How to Record Your NPN on SEP Enrollments

How to Record Your NPN on SEP Enrollments

When helping clients enroll through a special enrollment period (SEP), be sure your National Producer Number (NPN) is recorded on the eligibility portion of your client’s Marketplace application. Your NPN must be recorded so the qualified health plan (QHP) issuer can identify you as the assisting agent or broker. Even if your client’s QHP issuer doesn’t compensate agents and brokers for SEP enrollments, your NPN will persist on the client’s application and be pre-populated when your client re-enrolls during the next Open Enrollment period (whether actively or passively). The issuer may then pay commissions for the coverage renewal, in accordance with applicable laws and requirements.

New Marketplace Enrollees Using the Marketplace Pathway

  • On the regular Marketplace application, your client should enter your Federally-facilitated Marketplace (FFM) User ID and NPN when prompted to indicate that you helped, as shown below.
  • In the Streamlined Application, your client should check the “Another person is helping me” box to enter your NPN.
  • If your client doesn’t enter your correct NPN, you may not get credit for the enrollment.

Clients Must File and Reconcile Taxes to Get APTC

Consumers who used advance payments of the premium tax credit (APTC) in the past won’t continue to be eligible if the household didn’t file a federal income tax return and reconcile the APTC for the year it was paid. Households that received APTC in a past year, but whose tax filer didn’t file a federal income tax return and reconcile past APTC, are flagged by the Internal Revenue Service (IRS) for “failure to file and reconcile” (FTR). This happens when the Marketplace requests updated tax data to compute eligibility for APTC for current and upcoming coverage years.
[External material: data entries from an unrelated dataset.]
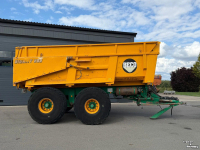 Kipper / Kiepwagen / Landbouwkipper Beco ONBEKEND GIGANT 200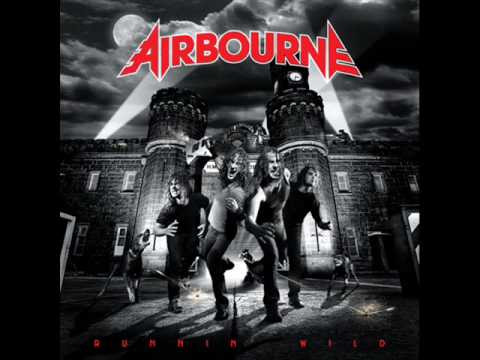 Airbourne-Runnin' Wild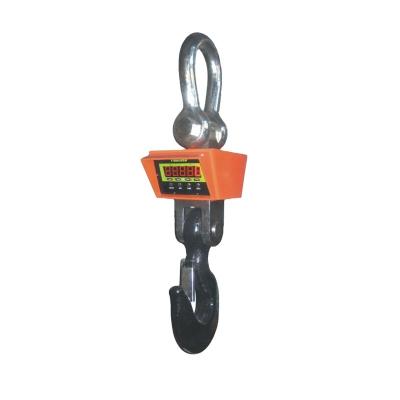 China Heavy Duty Crane Scale Weighing Scale Heavy Duty 10t to 50t for Industrial Use OCS-Z for sale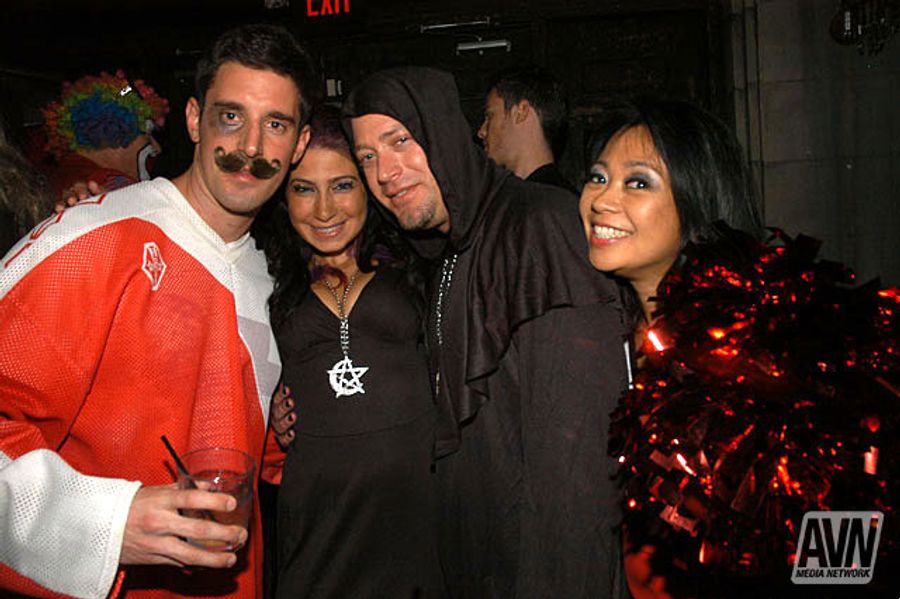 Heaven and Hell Halloween Party 2012 (Gallery 3)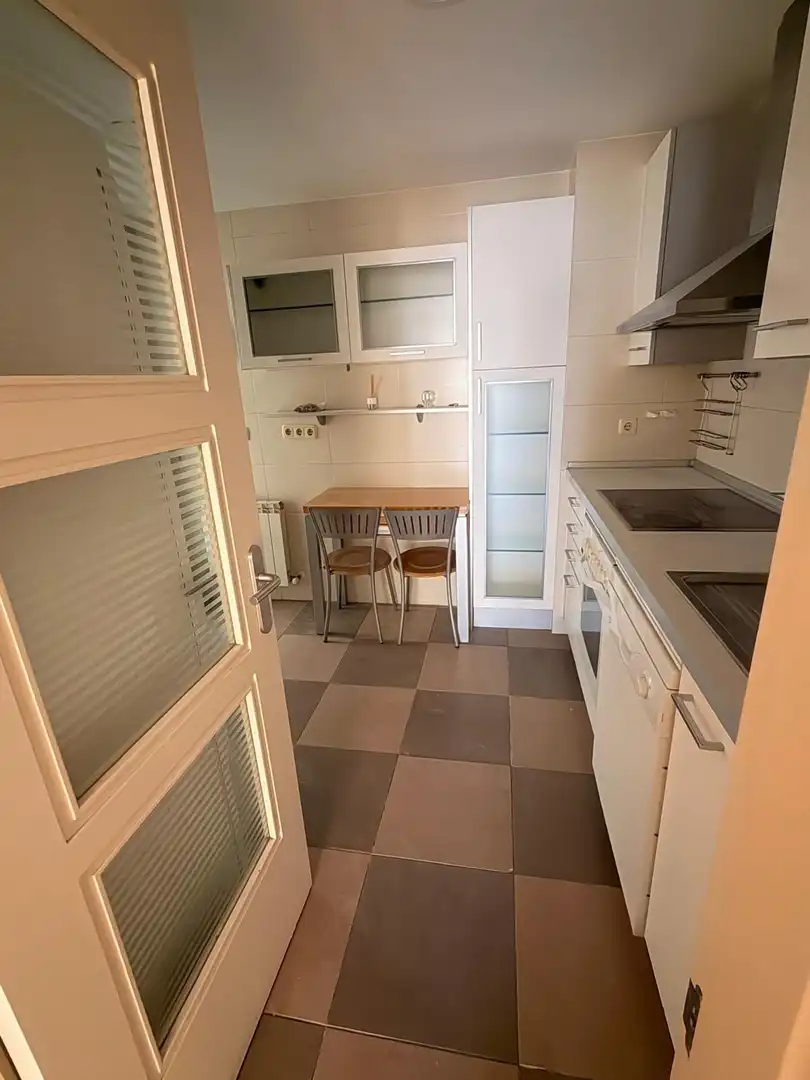 Cocina de Piso en venta en Madrid con Aire acondicionado, Calefacción y Trastero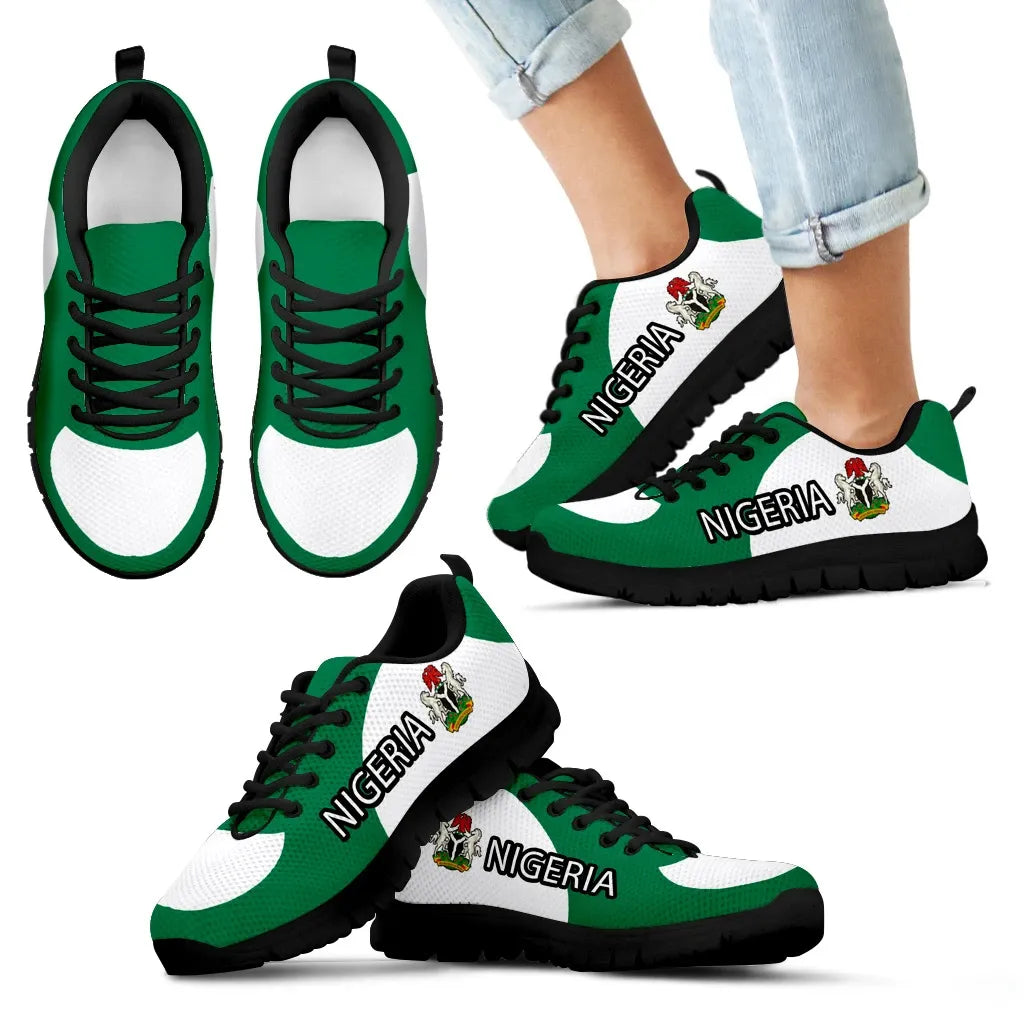 Nigeria Shoes Flag Color Cullinan Version RLT8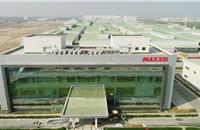 Maxxis Tyres opens plant in Sanand, targets 15% market share by 2023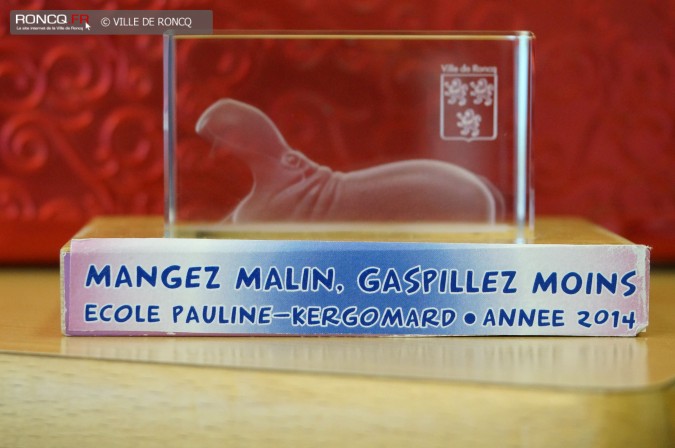 2015 - gaspillage alimentaire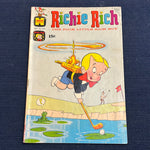 Richie Rich #109 Bronze Age Harvey Humor VGFN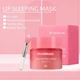 Нічна маска для губ West&Month Lip Sleeping Mask Berry 20 г - зображення 9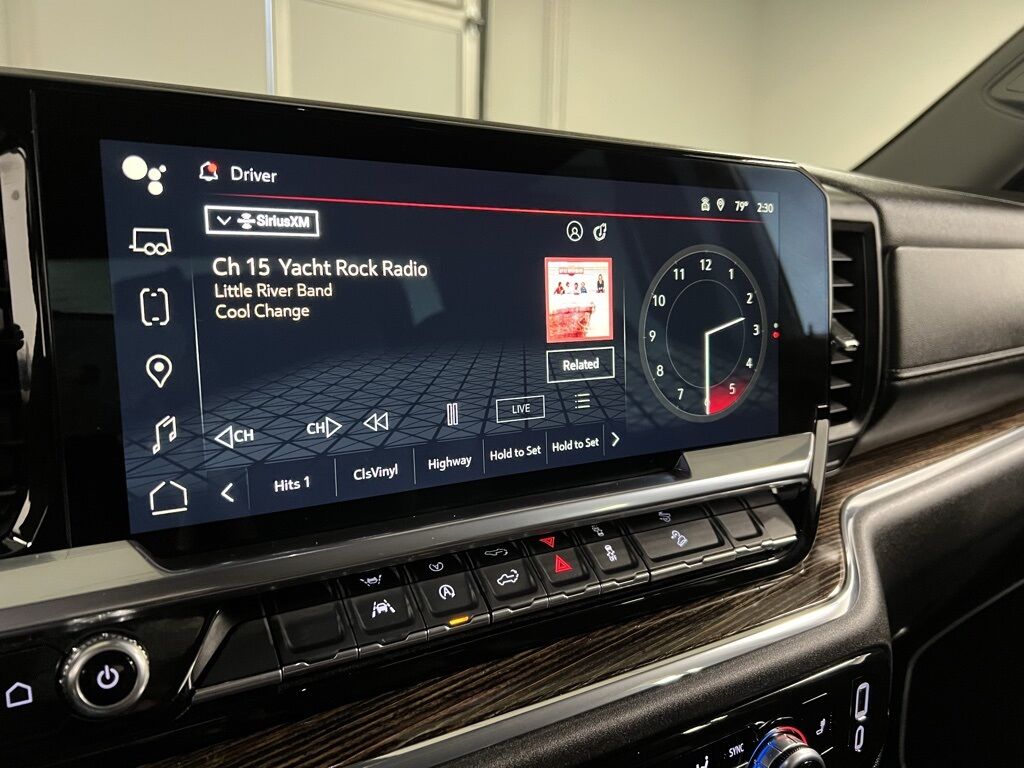 2024 GMC Sierra 1500 Elevation Highlands Ranch CO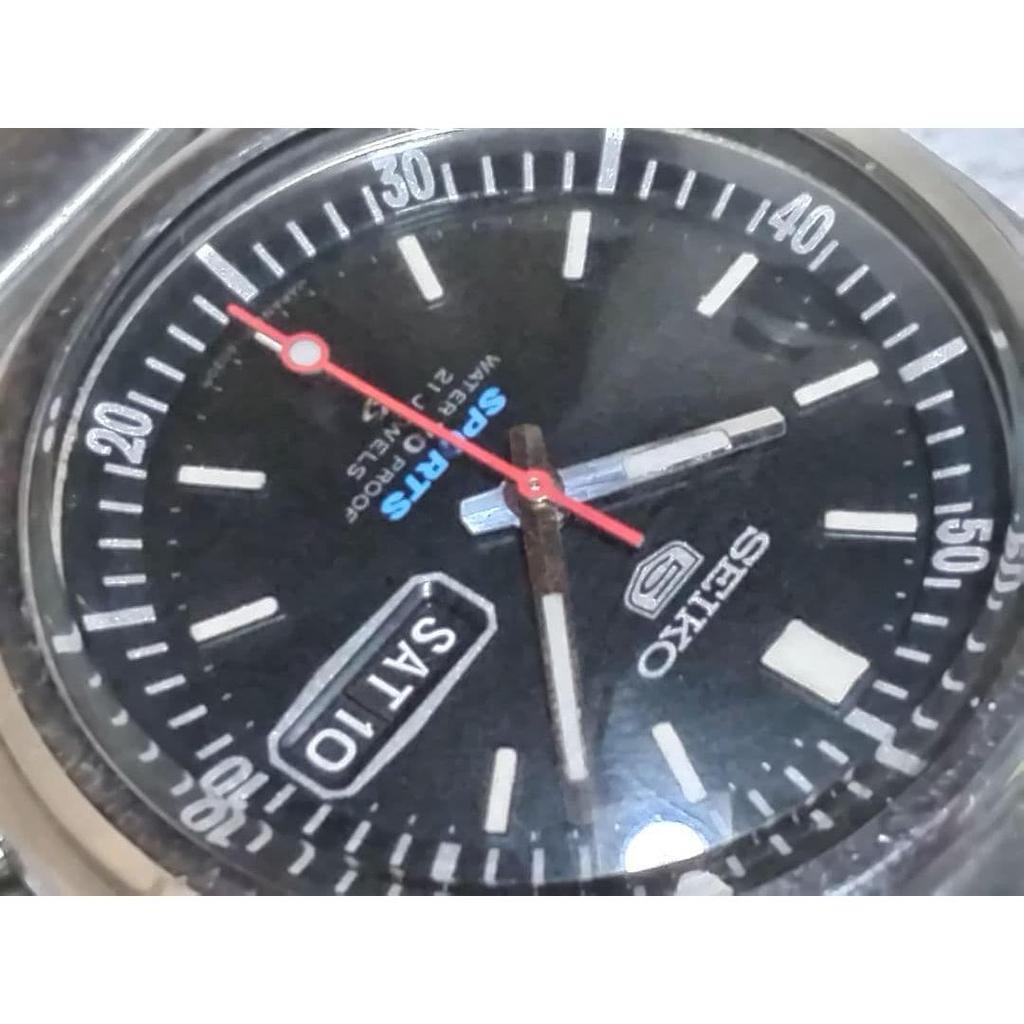 Used Seiko 5 Sports (6119-6020)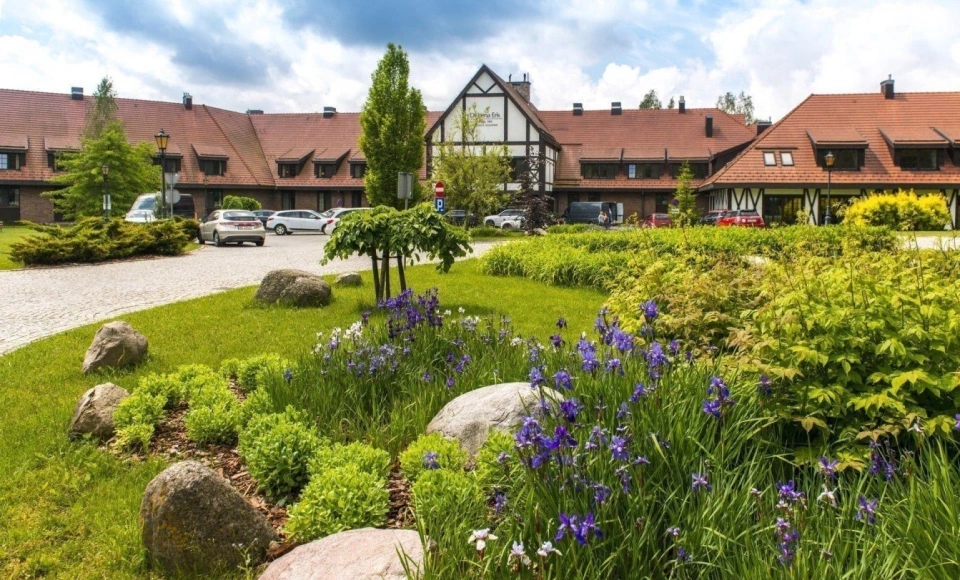 Hotel SPA Dr Irena Eris Wzgórza Dylewskie
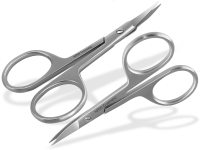 Nagelschere + Hautschere mit Groen Fingeraugen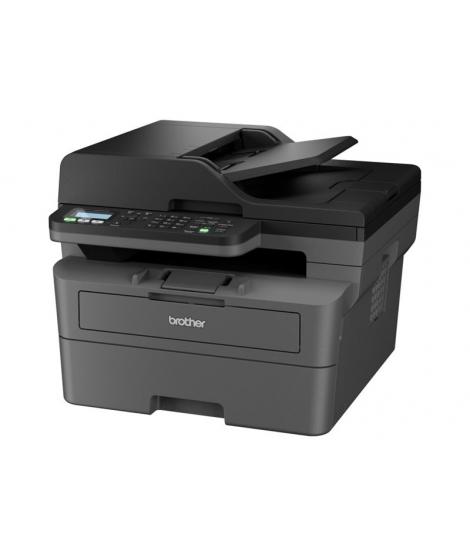 Brother MFC-L2800DW Impresora Multifuncion Monocromo Laser WiFi Duplex Fax 32ppm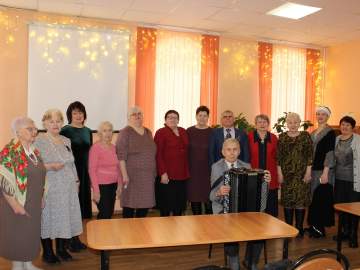 Вечер-настроение &laquo;Как встречают Новый год люди всех земных широт&raquo;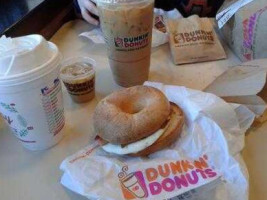 Dunkin' food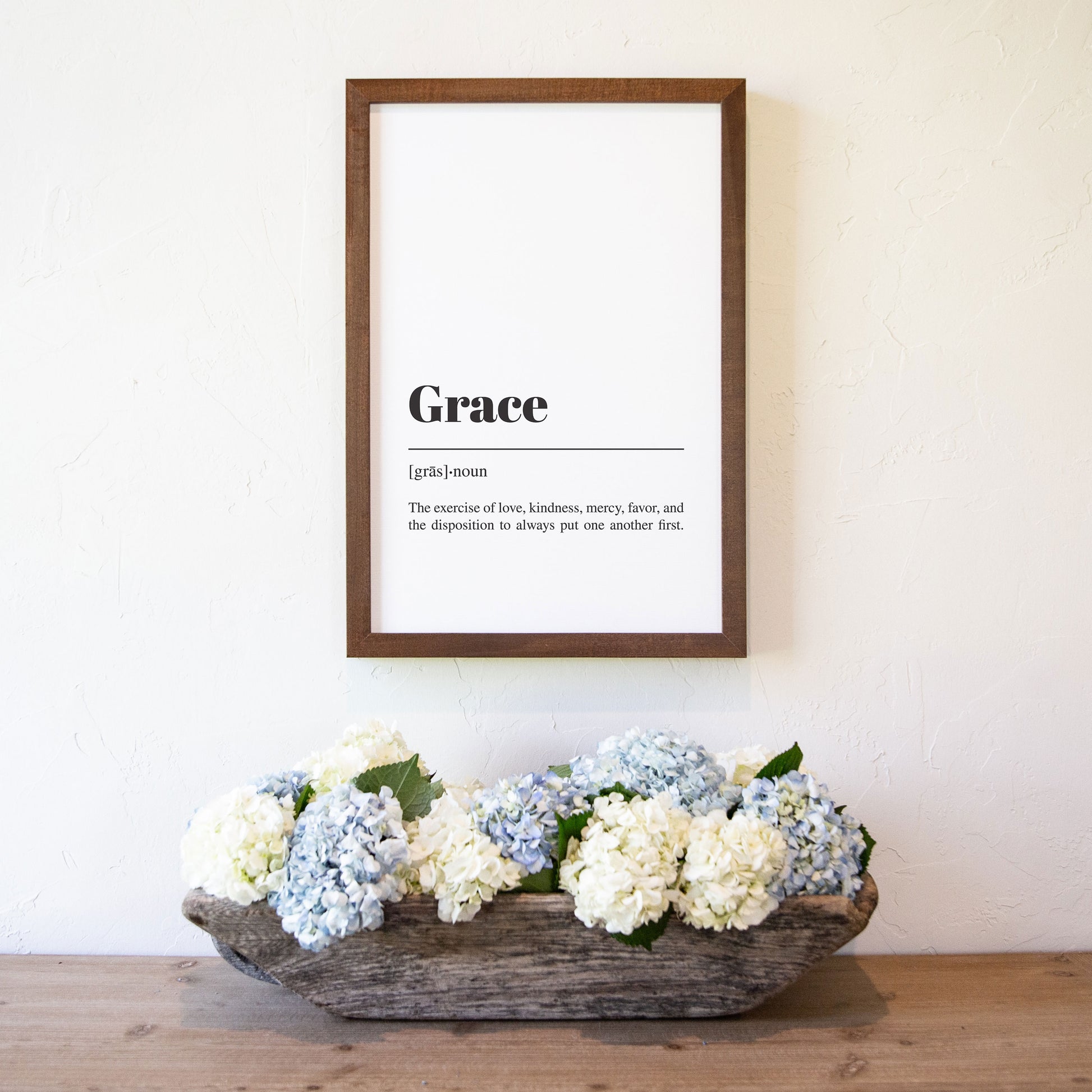 grace word art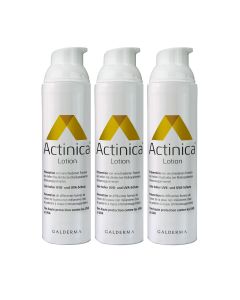 Actinica Lotion 80 Gr 3-Pack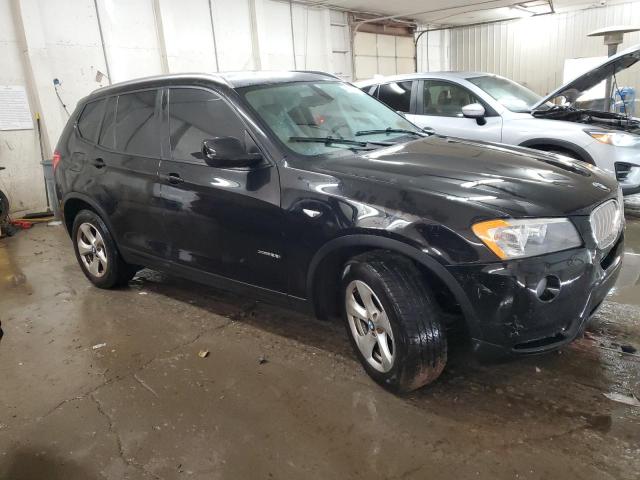 Photo 4 from auction – 2011 BMW X3 XDRIVE2 with VIN 5UXWX5C50BL708761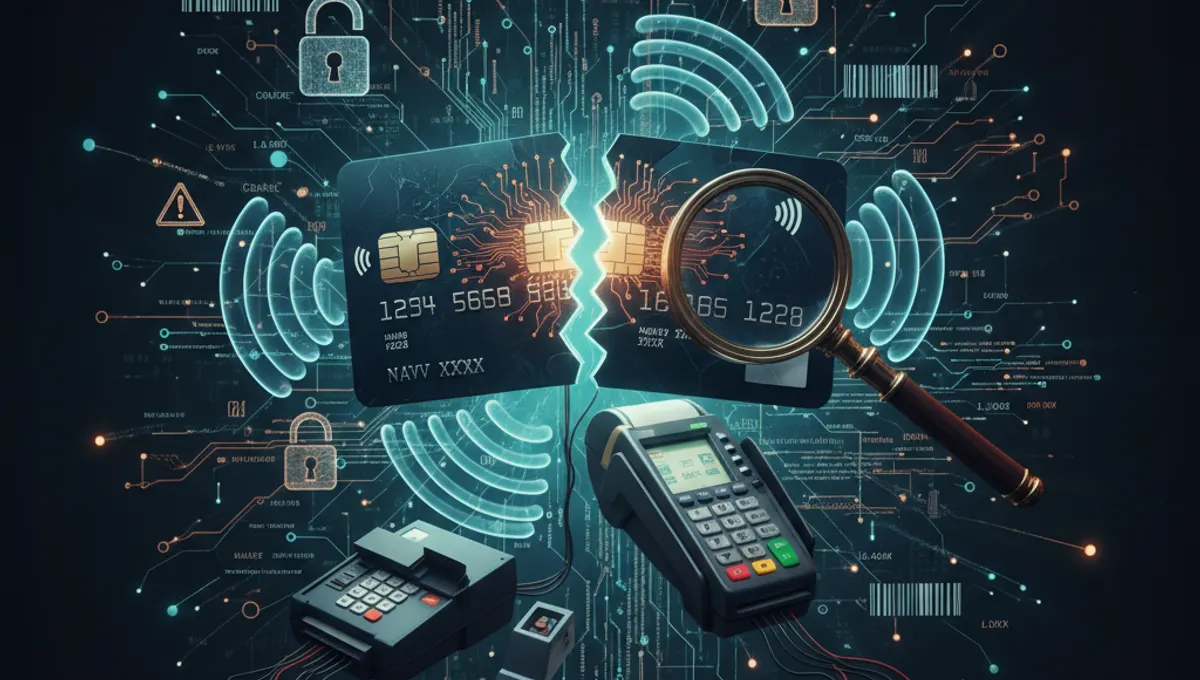 Free Cloned Credit Cards: What They Are and Legal Risks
For the 2018 Open Enrollment period, the IRS provided information to the Marketplace about consumers for whom the tax filer either did not file a tax return for a prior year in which APTC was paid for a member of the tax filer’s household, or did file a tax return but failed to reconcile the APTC paid for that year. In February 2018, the Marketplace sent two FTR warning notices that encouraged consumers to make sure they filed and reconciled taxes for 2016, or risk losing their APTC. One notice was mailed to the tax filer, and one notice was addressed to the household’s Marketplace application contact (in most cases, this was the same as the tax filer).

What you can do:

  • Make sure clients know they could lose their APTC if their household didn’t reconcile past APTC using IRS Form 8962, even if they filed 2016 taxes. These tax filers must amend their 2016 tax returns and complete IRS Form 8962 to reconcile their past APTC.
  • Encourage clients who received APTC in 2016 to file (or amend) their 2016 federal income taxes and reconcile their APTC as soon as possible, even if they missed the tax filing deadline or are within their filing extension period. Refer clients to this guide for more information.
  • Remind clients that even if they usually don’t have to file an income tax return, they must file a return for any year they received APTC to maintain their eligibility.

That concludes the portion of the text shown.